→ **PROMPT**
The lines needed run from the one that contains "I can also come" through the end of the material below, both included; write them out exactly, with no pictures.

→ **SUPPLIED INFORMATION**
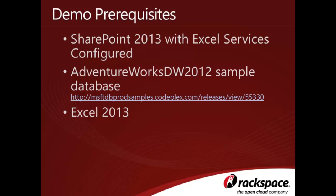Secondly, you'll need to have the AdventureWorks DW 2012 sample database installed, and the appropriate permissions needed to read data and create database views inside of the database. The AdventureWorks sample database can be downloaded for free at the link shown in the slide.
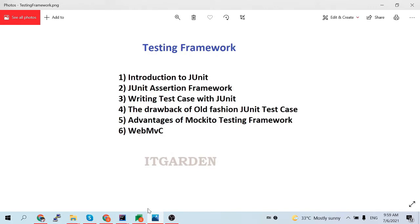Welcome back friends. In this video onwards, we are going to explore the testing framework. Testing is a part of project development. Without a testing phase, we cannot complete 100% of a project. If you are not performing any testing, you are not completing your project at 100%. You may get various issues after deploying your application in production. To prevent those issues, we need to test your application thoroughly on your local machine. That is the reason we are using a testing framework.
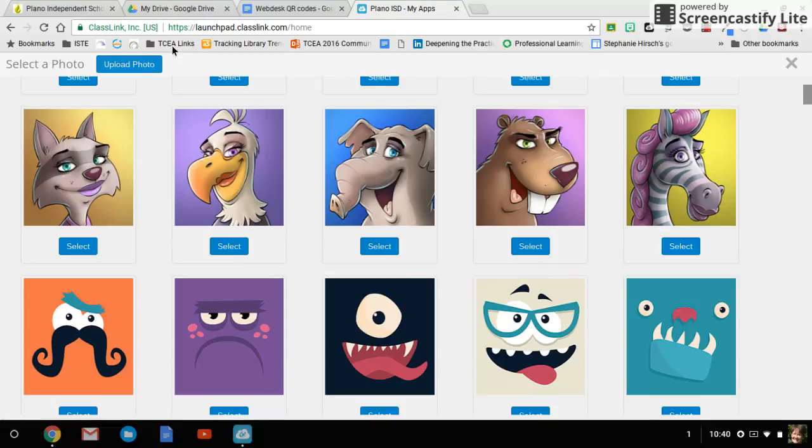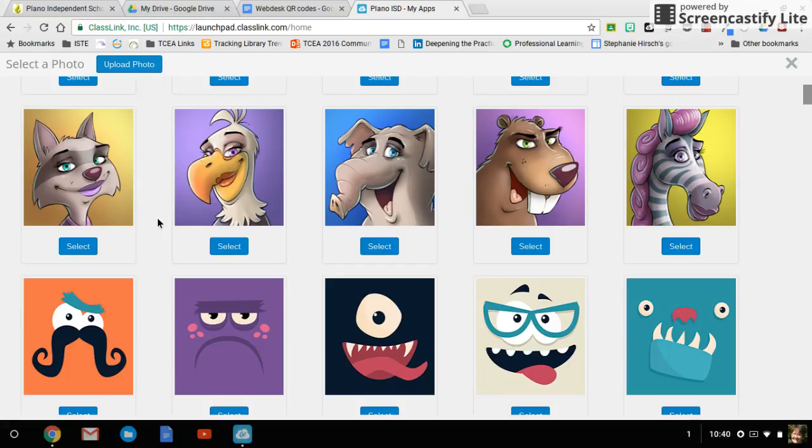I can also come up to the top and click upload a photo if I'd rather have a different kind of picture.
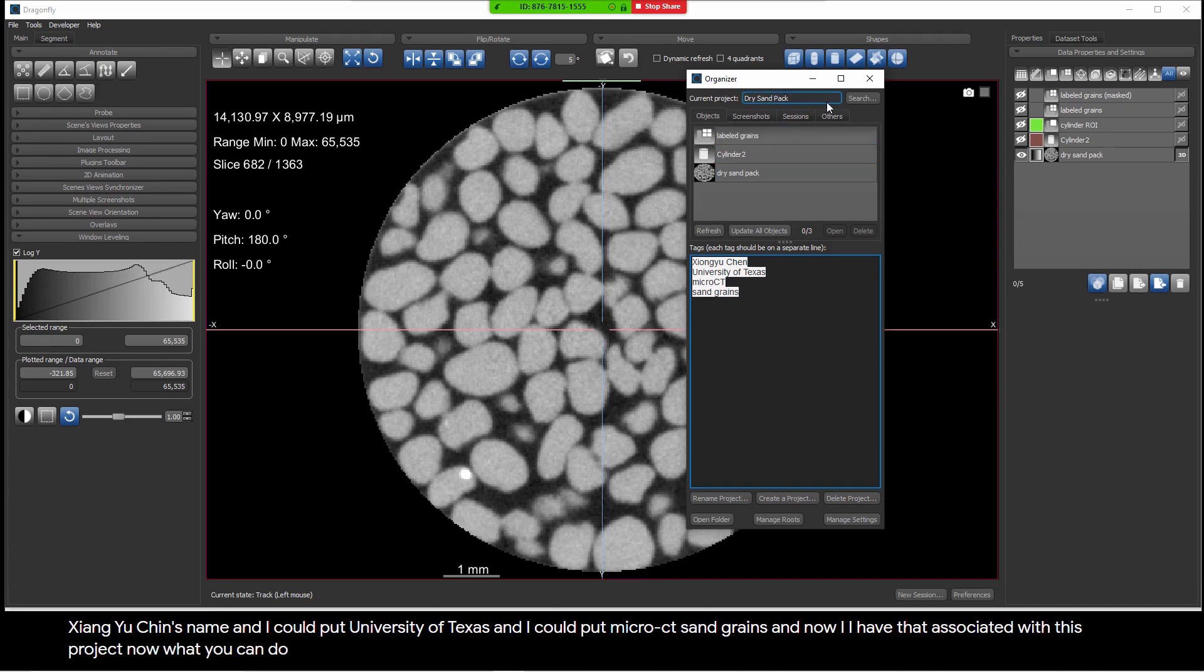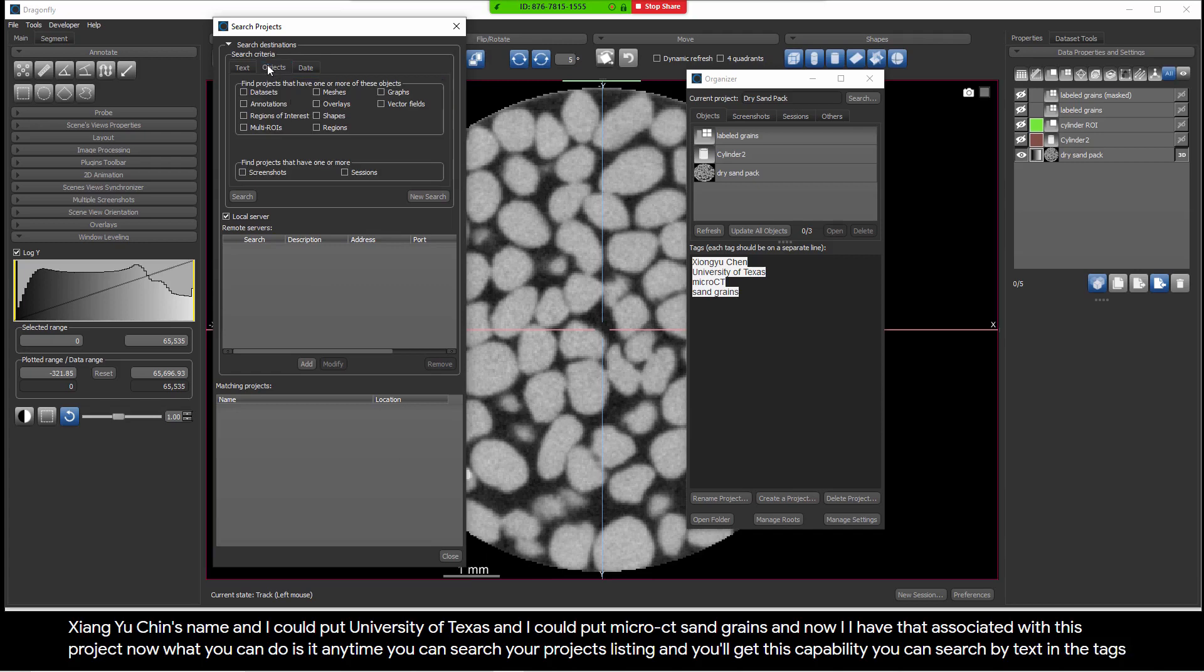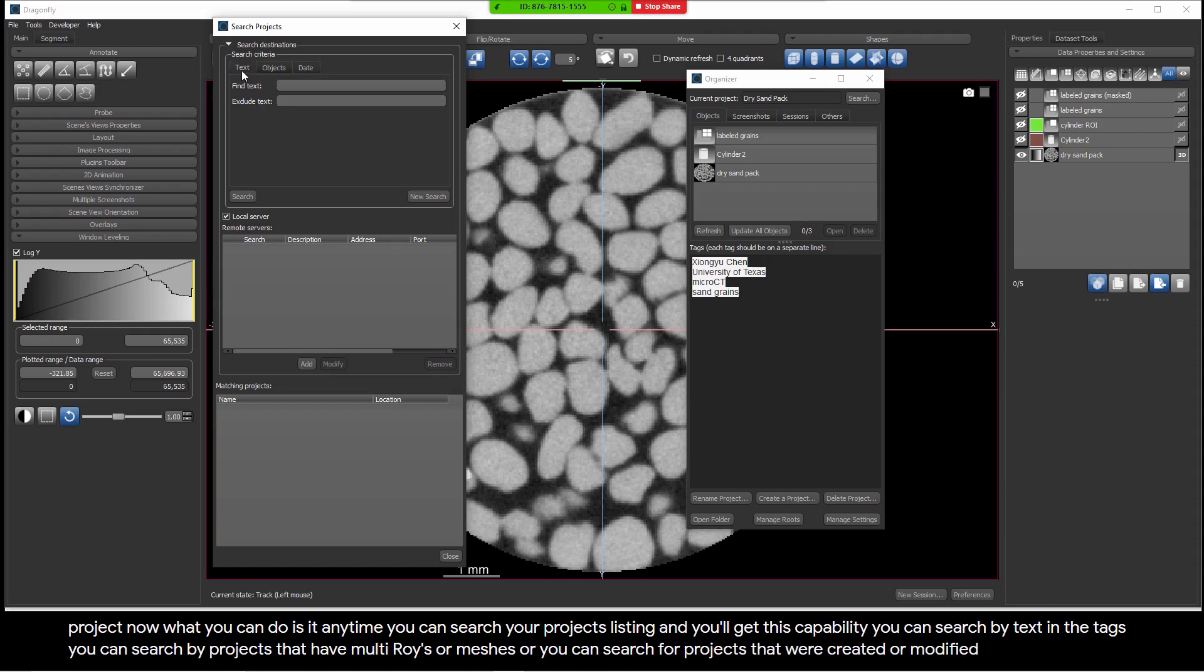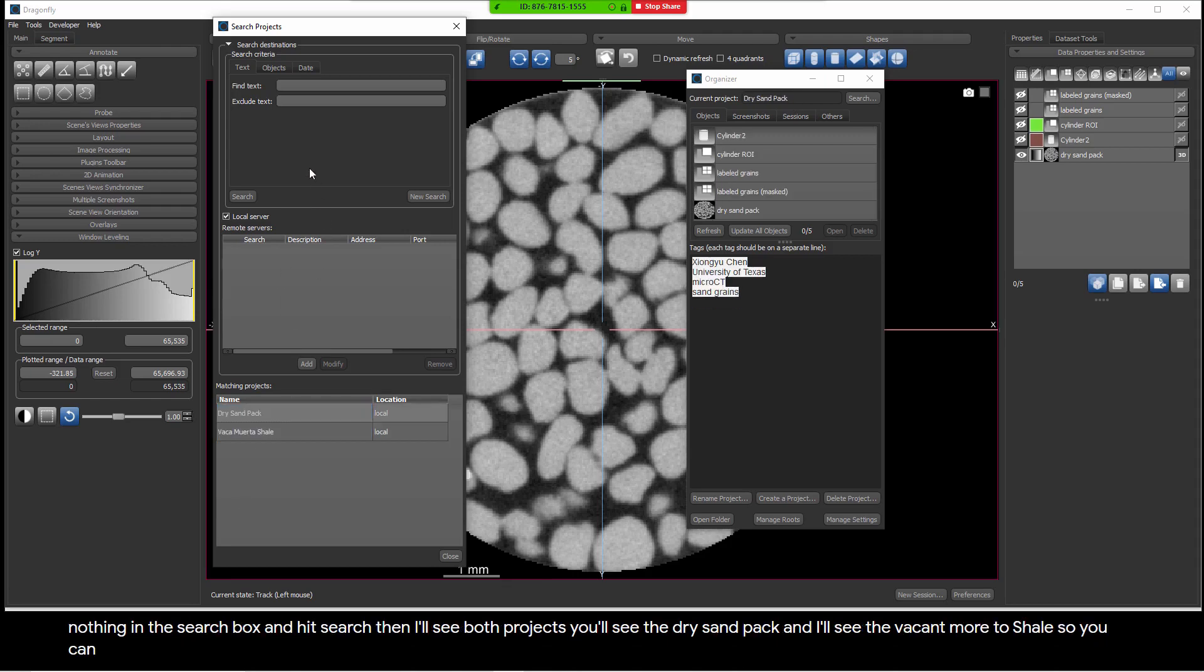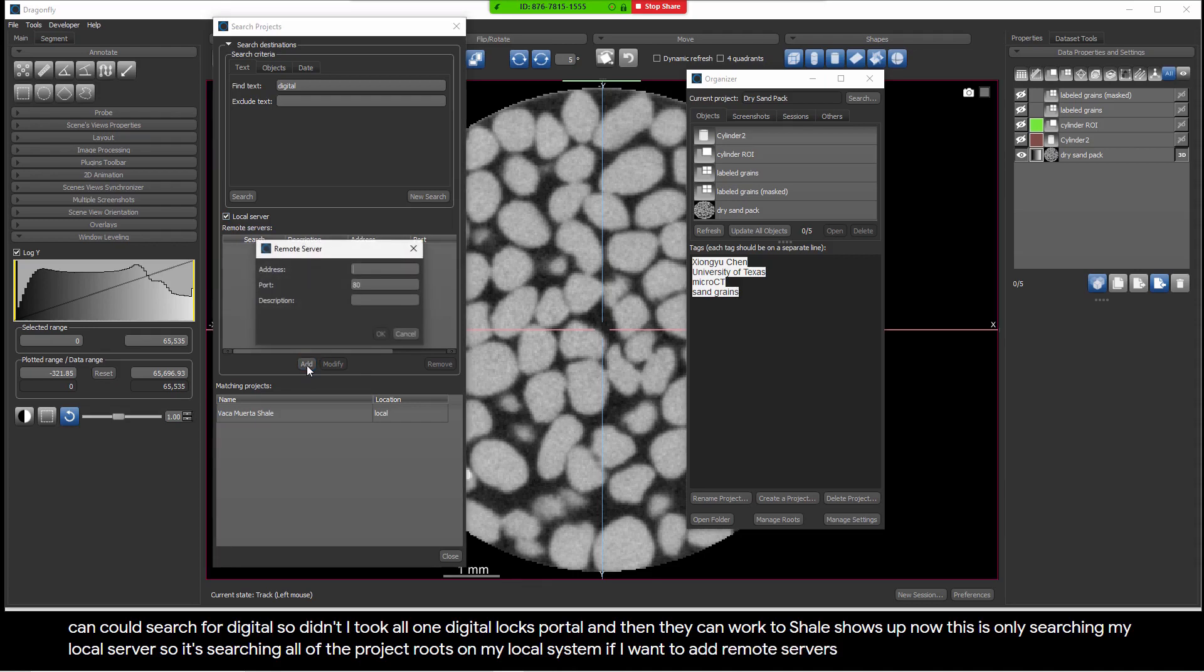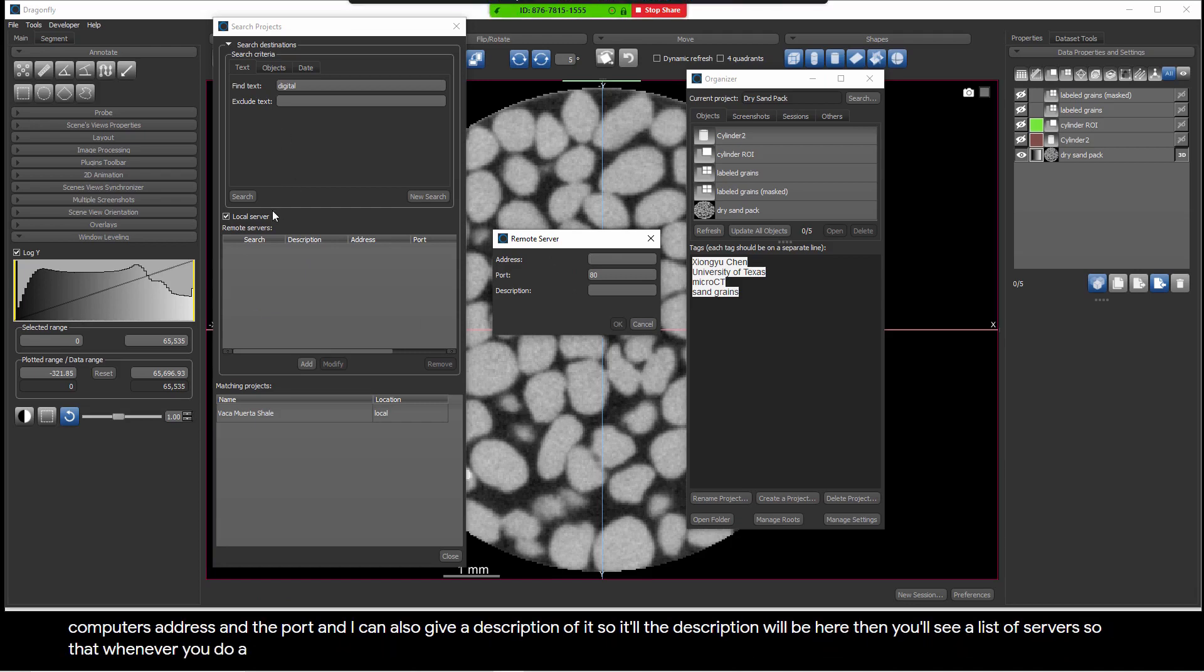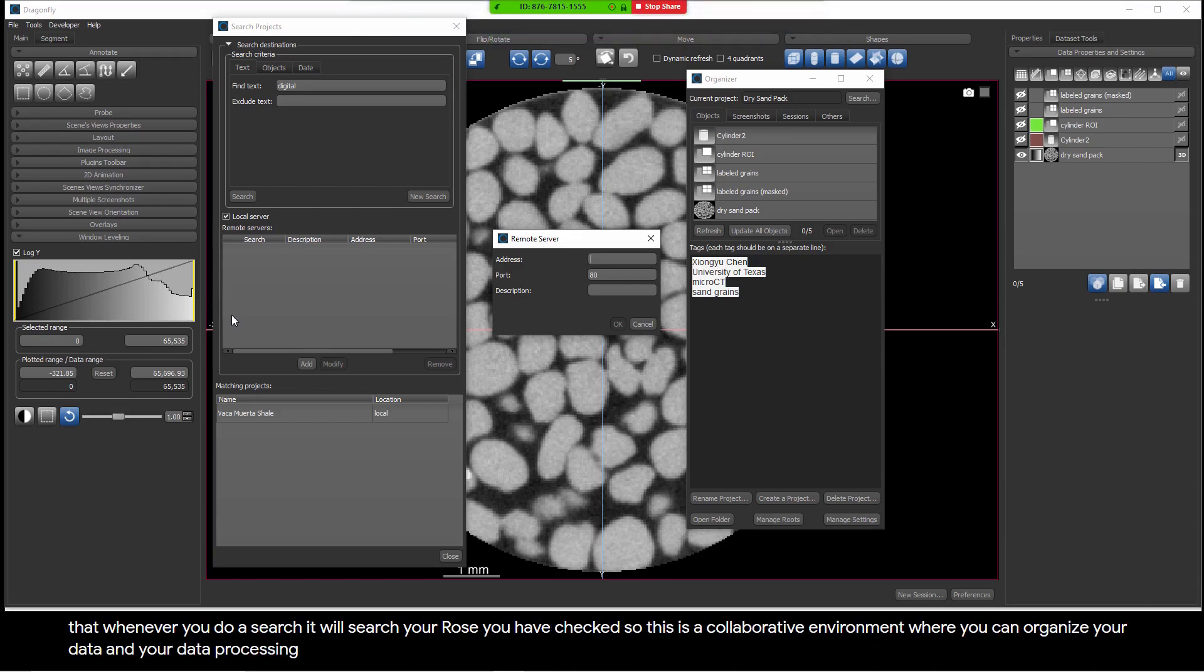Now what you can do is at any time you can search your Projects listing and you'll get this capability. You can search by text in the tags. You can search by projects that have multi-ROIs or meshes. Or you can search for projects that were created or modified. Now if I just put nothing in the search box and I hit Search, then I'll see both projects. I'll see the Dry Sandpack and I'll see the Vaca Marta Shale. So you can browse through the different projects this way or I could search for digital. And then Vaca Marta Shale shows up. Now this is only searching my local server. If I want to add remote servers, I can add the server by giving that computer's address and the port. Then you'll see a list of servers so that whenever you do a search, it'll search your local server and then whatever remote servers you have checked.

→ **RESULT BELOW**
I can also come up to the top and click upload a photo if I'd rather have a different kind of picture.
Now what you can do is at any time you can search your Projects listing and you'll get this capability. You can search by text in the tags. You can search by projects that have multi-ROIs or meshes. Or you can search for projects that were created or modified. Now if I just put nothing in the search box and I hit Search, then I'll see both projects. I'll see the Dry Sandpack and I'll see the Vaca Marta Shale. So you can browse through the different projects this way or I could search for digital. And then Vaca Marta Shale shows up. Now this is only searching my local server. If I want to add remote servers, I can add the server by giving that computer's address and the port. Then you'll see a list of servers so that whenever you do a search, it'll search your local server and then whatever remote servers you have checked.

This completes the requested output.